First online 10/5/17 in Landscape Ecology.

Authors
Mark R. Herse, Michael E. Estey, Pamela J. Moore, Brett K. Sandercock, W. Alice Boyle

 

Abstract

 

Purpose
Wildlife conservation requires understanding how landscape context influences habitat selection at spatial scales broader than the territory or habitat patch.

 

Objectives
We assessed how landscape composition, fragmentation, and disturbance affected occurrence and within-season site-fidelity of a declining grassland songbird species (Henslow’s Sparrow, Ammodramus henslowii).

 

Methods
Our study area encompassed eastern Kansas (USA) and North America’s largest remaining tracts of tallgrass prairie. We conducted 10,292 breeding-season point-count surveys over 2 years, and related occurrence and within-season site-occupancy dynamics of sparrows to landscape attributes within 400-, 800-, and 1600-m radii.

 

Results
Sparrows inhabited < 1% of sites, appearing and disappearing locally within and between breeding seasons. Early in spring, sparrows responded to landscape attributes most strongly within 400-m radii, settling in areas containing > 50% unburned prairie. Later in summer, sparrows responded to landscape attributes most strongly within 800-m radii, settling in areas containing > 50% unfragmented prairie, including sites burned earlier the same year. Sparrows avoided landscapes containing woody vegetation, disappeared from hayfields after mowing, and were most likely to inhabit landscapes containing Conservation Reserve Program (CRP) fields embedded within rangeland.

 

Conclusions
Landscape context influenced habitat selection at spatial scales broader than both the territory and habitat patch.
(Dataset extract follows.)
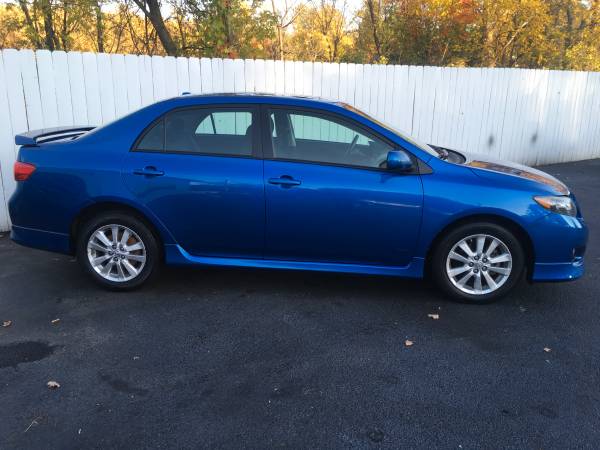 2009 Toyota Corolla S 5-Speed Sunroof Excellent Condition Long Lasting for sale in Watertown, NY – photo 20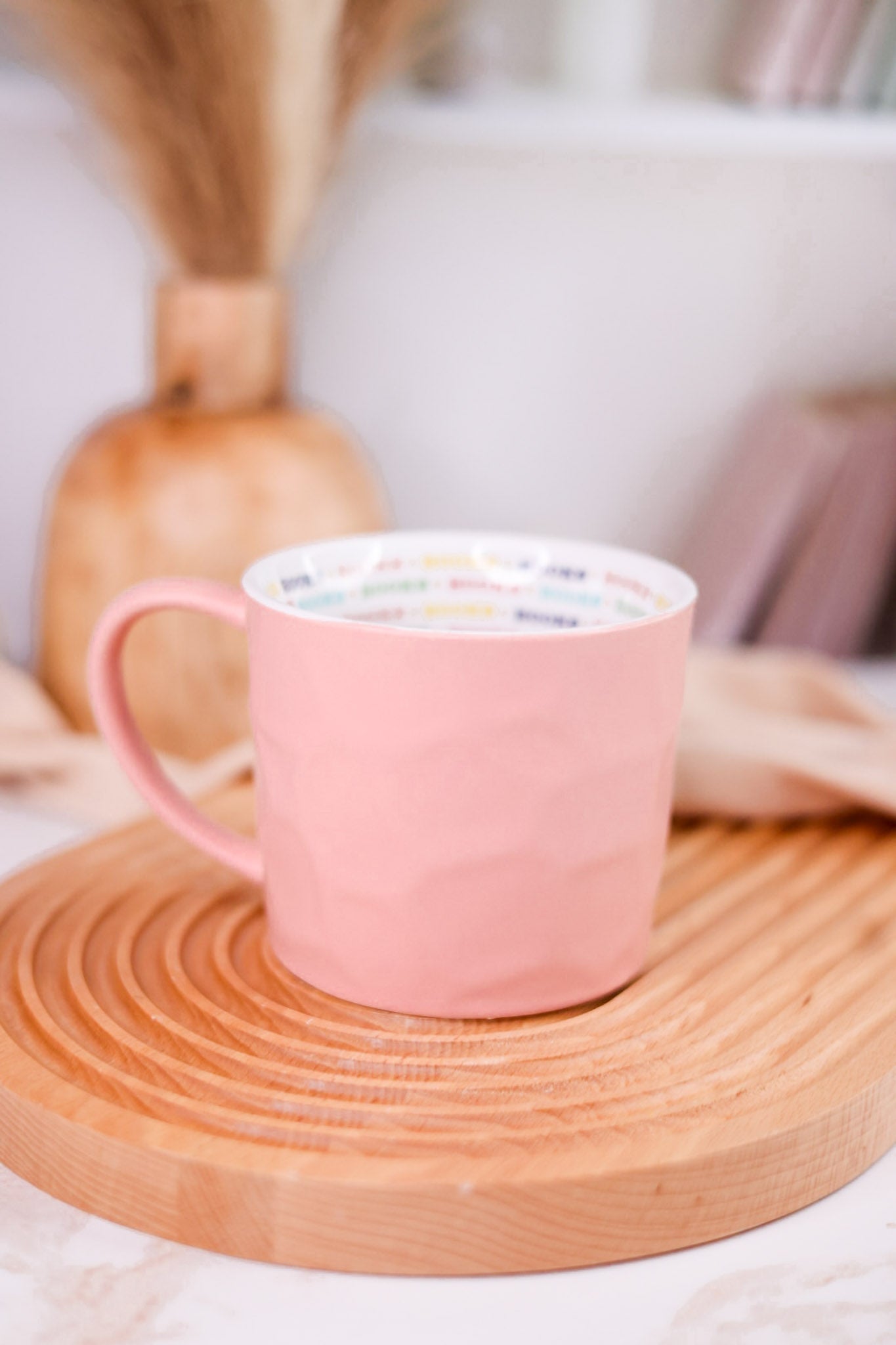 I Run On Coffee & Audiobooks 16oz Mug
Protecting contiguous prairies from agricultural conversion and woody encroachment, promoting CRP enrollment, and maintaining portions of undisturbed prairie in working rangelands each year are critical to reversing the conservation crisis in North America’s remaining grasslands. As landscape change alters natural areas worldwide, effective conservation requires suitable conditions for threatened species at multiple spatial scales.